> Task prompt
In the entries that follow, locate the line with "2024 New Rock", then restate that line and all later lines exactly as they appear, leaving pictures out.

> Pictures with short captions
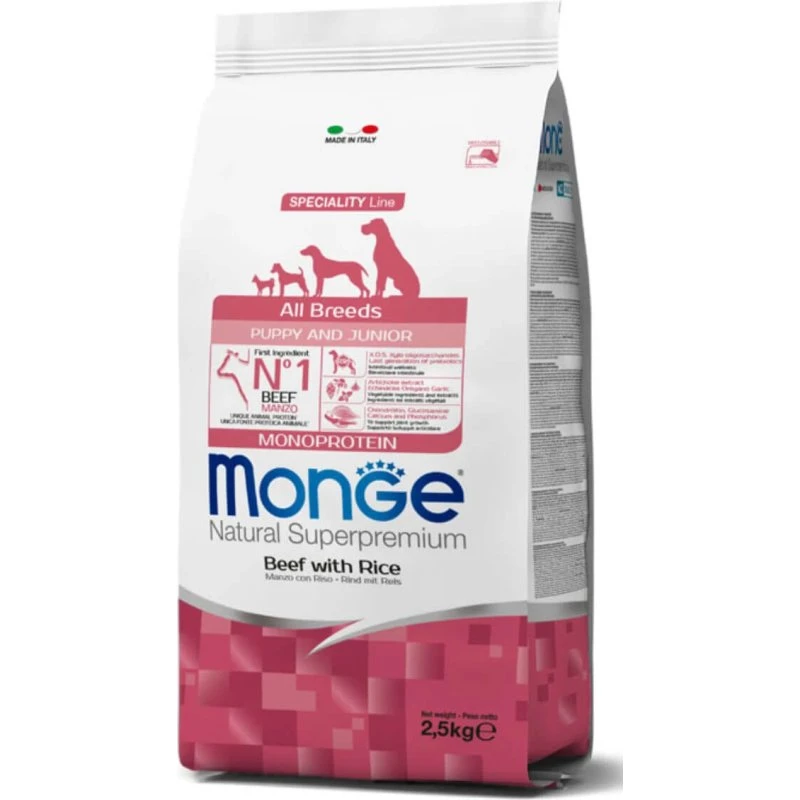 Monge Natural Superpremium Manzo e Riso per Cuccioli, 2,5 kg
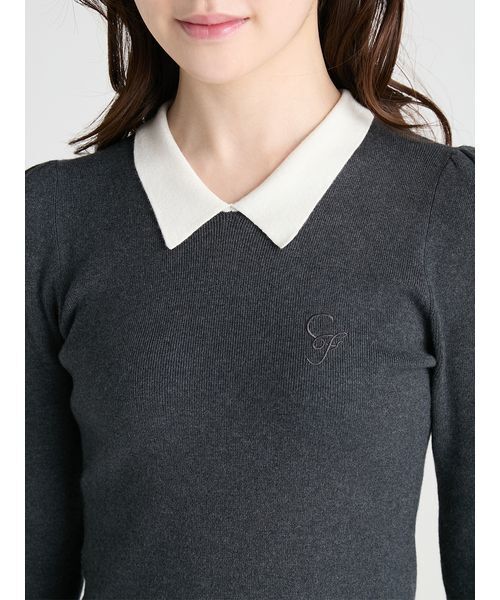 CELFORD(セルフォード)の「【洗える】カシミヤ混衿付きニットプルオーバー(ニット/セーター・レディース・チャコールグレー/ブラック/レッド・36/38)」の8枚目の写真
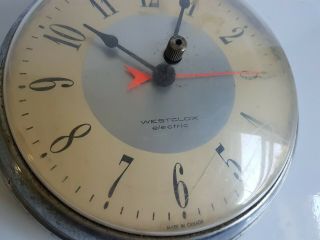 Westclox Chrome Wall Electric Clock Vintage 3
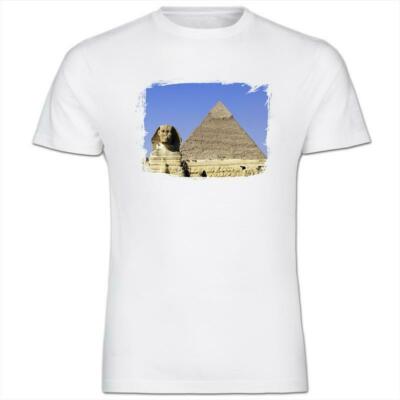 Egyptian Pyramid & Sphinx At Giza Egypt Mens Cotton T-Shirt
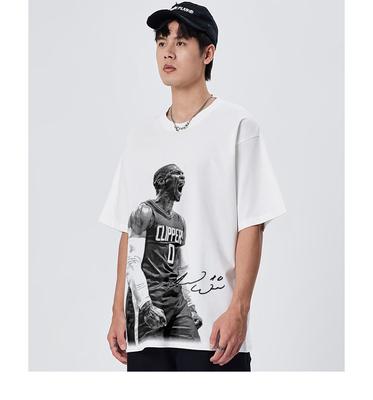 2024 New Rock Plan Westbrook Single Short Sleeve Star American Street T-shirt Summer Retro Men Women Vibe Trendy Top Men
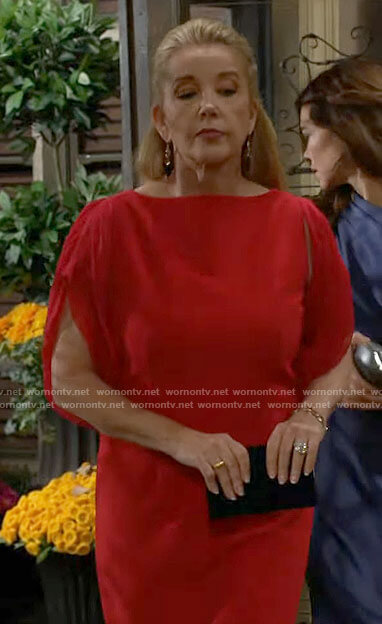 Nikki's red draped sleeve gown on The Young and the Restless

> Exercise response
 2024 New Rock Plan Westbrook Single Short Sleeve Star American Street T-shirt Summer Retro Men Women Vibe Trendy Top Men
 Nikki's red draped sleeve gown on The Young and the Restless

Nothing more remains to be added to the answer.